Exercise requirements
From the records below, set down exactly the lines starting with the line that contains "OTI Cynara Scolymus Tm Gouttes 100ml" and going on through the line that contains "Albero Collection Crystal". Nothing else is wanted.

Material provided: Begin

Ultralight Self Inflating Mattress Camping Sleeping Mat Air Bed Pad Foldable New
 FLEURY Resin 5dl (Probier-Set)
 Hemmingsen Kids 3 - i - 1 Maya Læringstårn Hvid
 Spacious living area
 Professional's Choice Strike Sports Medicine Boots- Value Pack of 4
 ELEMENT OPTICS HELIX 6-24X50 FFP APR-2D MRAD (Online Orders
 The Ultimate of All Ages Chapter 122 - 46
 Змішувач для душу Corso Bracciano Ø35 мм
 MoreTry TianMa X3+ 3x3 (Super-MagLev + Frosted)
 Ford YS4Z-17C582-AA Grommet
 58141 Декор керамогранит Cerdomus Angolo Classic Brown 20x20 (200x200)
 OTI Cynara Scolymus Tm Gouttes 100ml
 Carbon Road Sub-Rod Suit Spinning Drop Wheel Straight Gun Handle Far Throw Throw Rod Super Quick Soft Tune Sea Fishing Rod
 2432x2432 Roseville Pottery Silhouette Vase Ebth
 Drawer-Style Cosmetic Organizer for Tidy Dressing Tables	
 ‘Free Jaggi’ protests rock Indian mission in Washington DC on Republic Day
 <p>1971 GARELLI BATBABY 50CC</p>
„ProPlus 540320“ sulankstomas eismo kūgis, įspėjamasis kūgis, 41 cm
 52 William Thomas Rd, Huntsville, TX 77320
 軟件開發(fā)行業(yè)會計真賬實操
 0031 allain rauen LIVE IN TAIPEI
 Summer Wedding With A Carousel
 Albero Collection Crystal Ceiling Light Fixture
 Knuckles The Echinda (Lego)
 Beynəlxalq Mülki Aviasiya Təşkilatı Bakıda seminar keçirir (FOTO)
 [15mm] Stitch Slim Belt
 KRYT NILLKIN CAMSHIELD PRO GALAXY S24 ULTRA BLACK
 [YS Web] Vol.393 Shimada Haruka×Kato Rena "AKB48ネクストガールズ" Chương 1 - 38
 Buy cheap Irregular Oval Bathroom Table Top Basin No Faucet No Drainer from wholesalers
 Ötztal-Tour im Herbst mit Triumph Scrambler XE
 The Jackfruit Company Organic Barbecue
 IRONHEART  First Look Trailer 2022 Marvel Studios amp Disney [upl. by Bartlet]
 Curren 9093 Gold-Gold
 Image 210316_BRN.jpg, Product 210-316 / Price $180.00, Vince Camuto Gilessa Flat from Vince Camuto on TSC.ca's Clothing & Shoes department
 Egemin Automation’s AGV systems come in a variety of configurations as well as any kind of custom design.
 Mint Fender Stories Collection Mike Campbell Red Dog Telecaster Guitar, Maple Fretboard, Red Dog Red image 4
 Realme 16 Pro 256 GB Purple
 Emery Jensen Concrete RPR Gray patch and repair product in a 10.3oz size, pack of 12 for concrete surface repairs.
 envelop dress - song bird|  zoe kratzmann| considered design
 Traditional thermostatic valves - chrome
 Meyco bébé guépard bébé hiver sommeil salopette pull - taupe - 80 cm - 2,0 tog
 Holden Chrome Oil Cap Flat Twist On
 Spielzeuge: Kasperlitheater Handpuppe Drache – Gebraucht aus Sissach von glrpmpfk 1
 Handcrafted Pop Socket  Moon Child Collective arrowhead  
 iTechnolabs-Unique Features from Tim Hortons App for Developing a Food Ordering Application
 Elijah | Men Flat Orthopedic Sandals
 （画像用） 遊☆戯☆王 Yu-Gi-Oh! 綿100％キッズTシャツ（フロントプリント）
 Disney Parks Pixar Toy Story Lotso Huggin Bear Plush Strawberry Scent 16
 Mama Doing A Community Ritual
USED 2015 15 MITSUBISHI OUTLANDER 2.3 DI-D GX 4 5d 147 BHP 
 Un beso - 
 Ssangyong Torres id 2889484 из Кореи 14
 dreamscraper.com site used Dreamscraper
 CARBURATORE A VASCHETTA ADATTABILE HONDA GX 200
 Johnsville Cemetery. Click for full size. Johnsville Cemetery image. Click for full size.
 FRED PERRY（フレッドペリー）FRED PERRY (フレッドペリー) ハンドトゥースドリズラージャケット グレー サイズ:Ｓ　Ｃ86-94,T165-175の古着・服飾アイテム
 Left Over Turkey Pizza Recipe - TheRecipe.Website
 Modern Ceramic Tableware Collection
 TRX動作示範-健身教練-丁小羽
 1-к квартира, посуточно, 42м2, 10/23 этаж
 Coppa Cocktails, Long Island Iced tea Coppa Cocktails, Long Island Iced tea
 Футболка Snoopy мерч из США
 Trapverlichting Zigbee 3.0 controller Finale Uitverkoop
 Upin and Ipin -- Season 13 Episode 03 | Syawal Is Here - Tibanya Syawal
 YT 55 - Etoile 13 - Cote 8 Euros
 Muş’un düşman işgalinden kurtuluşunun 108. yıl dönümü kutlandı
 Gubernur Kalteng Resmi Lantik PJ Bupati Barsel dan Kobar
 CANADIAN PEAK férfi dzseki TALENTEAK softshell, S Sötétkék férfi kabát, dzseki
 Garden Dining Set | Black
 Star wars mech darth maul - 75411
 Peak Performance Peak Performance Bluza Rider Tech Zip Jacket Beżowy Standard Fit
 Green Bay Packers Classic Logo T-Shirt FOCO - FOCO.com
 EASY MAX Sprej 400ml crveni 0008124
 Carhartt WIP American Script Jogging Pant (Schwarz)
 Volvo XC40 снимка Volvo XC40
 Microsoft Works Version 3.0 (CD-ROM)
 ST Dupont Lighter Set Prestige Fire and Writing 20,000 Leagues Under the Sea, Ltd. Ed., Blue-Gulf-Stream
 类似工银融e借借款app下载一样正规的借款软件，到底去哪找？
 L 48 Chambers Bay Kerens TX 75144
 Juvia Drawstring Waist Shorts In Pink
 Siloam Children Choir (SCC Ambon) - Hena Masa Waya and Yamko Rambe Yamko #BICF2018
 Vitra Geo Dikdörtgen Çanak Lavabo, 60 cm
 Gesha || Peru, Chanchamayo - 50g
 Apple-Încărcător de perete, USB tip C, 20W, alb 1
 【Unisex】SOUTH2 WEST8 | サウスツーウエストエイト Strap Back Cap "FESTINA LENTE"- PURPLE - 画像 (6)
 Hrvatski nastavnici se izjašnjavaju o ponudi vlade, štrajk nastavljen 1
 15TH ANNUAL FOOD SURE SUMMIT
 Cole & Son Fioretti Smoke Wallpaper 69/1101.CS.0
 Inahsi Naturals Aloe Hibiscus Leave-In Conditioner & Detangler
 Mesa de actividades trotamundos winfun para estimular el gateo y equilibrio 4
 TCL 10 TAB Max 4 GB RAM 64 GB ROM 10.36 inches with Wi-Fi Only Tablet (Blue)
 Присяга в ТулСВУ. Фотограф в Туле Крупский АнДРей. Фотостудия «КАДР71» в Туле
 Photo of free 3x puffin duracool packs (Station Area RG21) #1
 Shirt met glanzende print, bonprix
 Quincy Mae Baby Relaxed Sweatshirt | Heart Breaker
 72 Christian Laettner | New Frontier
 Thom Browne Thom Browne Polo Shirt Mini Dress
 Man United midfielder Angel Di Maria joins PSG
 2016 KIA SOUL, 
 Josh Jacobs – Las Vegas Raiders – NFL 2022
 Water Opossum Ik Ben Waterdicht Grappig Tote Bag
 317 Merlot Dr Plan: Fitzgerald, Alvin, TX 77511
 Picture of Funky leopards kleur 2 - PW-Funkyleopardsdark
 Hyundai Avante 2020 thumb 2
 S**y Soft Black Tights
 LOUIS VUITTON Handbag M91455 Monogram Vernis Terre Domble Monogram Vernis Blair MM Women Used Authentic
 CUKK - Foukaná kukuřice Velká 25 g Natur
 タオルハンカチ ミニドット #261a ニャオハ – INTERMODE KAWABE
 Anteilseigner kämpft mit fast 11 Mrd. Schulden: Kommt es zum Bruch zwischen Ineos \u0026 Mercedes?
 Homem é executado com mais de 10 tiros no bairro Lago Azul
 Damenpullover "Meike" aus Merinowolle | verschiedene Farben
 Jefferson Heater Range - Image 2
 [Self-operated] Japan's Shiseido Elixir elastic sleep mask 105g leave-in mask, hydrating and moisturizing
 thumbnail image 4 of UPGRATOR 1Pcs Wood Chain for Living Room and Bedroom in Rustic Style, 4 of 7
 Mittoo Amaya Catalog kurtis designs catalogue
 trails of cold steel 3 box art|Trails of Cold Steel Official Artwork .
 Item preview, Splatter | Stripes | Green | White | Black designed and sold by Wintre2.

Material provided: End

Answer
 OTI Cynara Scolymus Tm Gouttes 100ml
 Carbon Road Sub-Rod Suit Spinning Drop Wheel Straight Gun Handle Far Throw Throw Rod Super Quick Soft Tune Sea Fishing Rod
 2432x2432 Roseville Pottery Silhouette Vase Ebth
 Drawer-Style Cosmetic Organizer for Tidy Dressing Tables	
 ‘Free Jaggi’ protests rock Indian mission in Washington DC on Republic Day
 <p>1971 GARELLI BATBABY 50CC</p>
„ProPlus 540320“ sulankstomas eismo kūgis, įspėjamasis kūgis, 41 cm
 52 William Thomas Rd, Huntsville, TX 77320
 軟件開發(fā)行業(yè)會計真賬實操
 0031 allain rauen LIVE IN TAIPEI
 Summer Wedding With A Carousel
 Albero Collection Crystal Ceiling Light Fixture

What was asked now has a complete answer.